### Exercise inputs

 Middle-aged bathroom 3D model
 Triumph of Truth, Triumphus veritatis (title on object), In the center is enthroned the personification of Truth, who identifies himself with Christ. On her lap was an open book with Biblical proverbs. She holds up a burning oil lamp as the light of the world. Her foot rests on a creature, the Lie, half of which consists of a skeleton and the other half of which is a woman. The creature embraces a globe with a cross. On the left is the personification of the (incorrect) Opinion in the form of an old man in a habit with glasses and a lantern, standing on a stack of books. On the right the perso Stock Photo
...
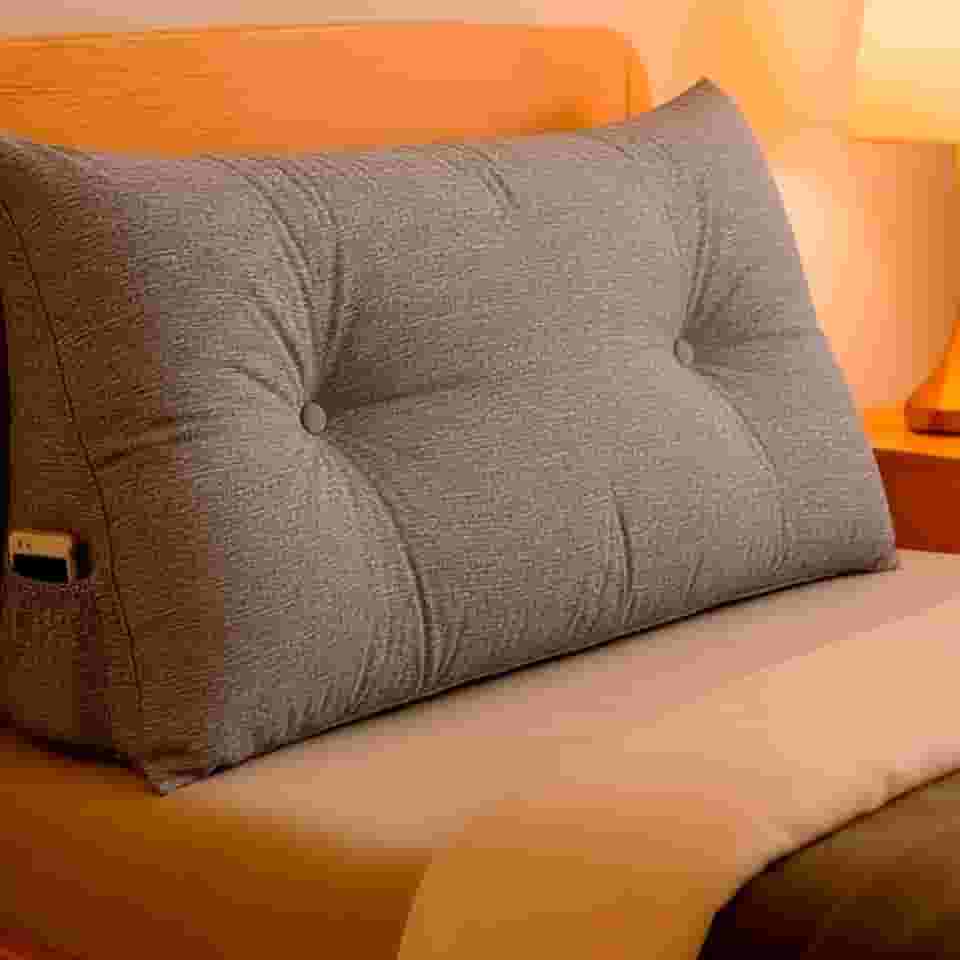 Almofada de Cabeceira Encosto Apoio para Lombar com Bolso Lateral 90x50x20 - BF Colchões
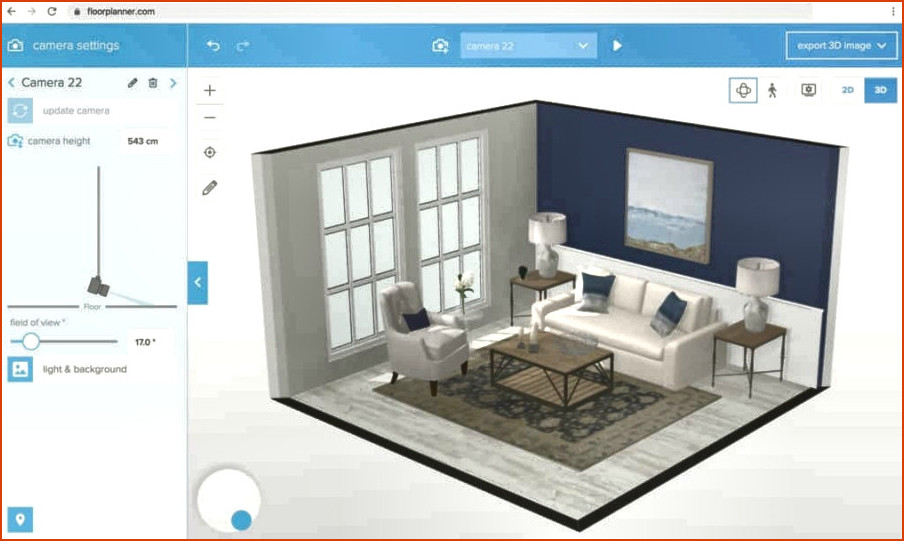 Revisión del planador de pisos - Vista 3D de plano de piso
---
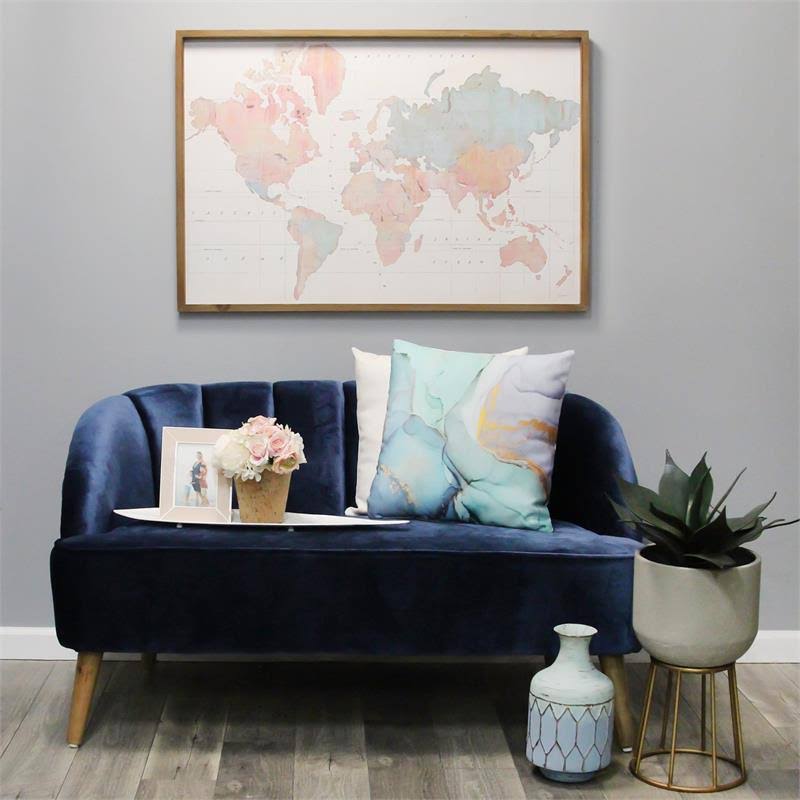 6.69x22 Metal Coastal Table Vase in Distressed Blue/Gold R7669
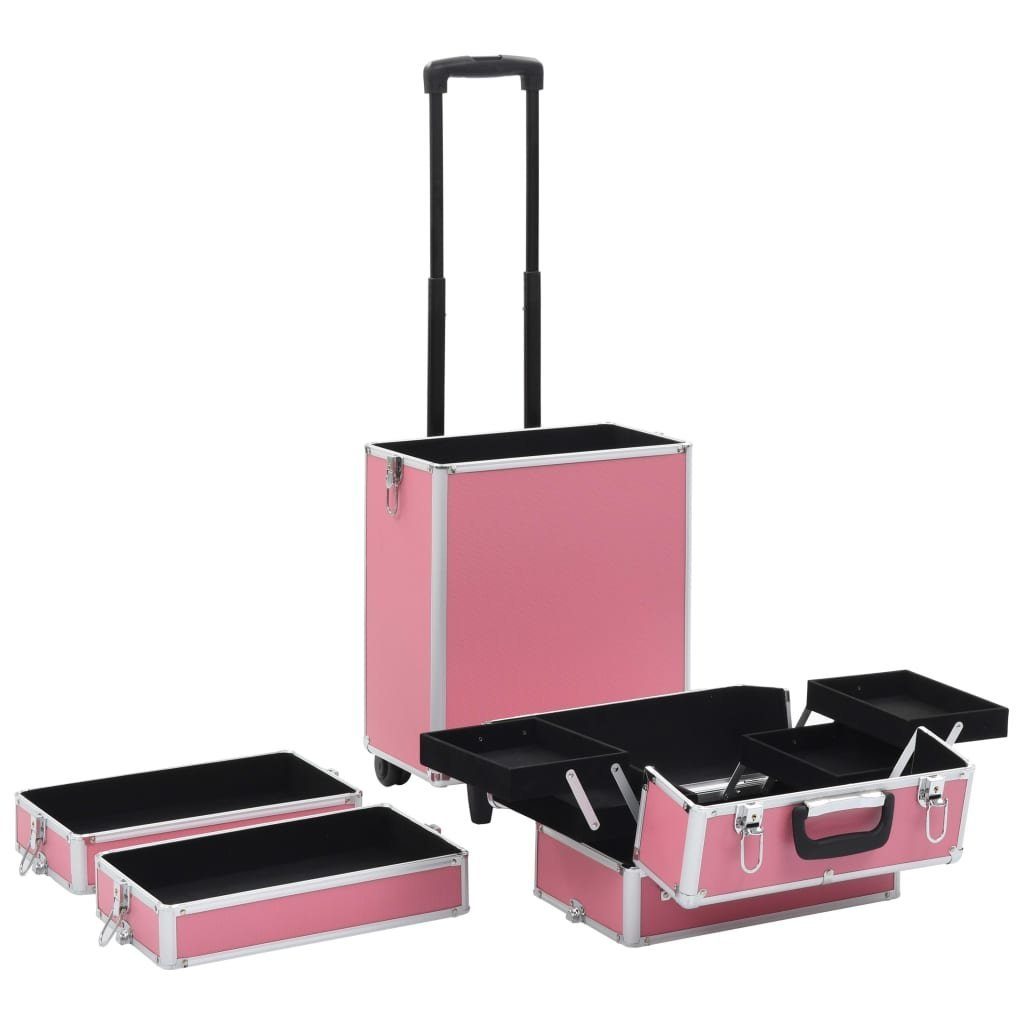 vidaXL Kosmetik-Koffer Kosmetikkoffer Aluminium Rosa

### Your instructions
When you reach the line holding "Middle-aged bathroom 3D model" in the records above, begin reproducing exactly, stop after the line holding "Triumph of Truth, Triumphus", and output nothing else.

### Your solution
 Middle-aged bathroom 3D model
 Triumph of Truth, Triumphus veritatis (title on object), In the center is enthroned the personification of Truth, who identifies himself with Christ. On her lap was an open book with Biblical proverbs. She holds up a burning oil lamp as the light of the world. Her foot rests on a creature, the Lie, half of which consists of a skeleton and the other half of which is a woman. The creature embraces a globe with a cross. On the left is the personification of the (incorrect) Opinion in the form of an old man in a habit with glasses and a lantern, standing on a stack of books. On the right the perso Stock Photo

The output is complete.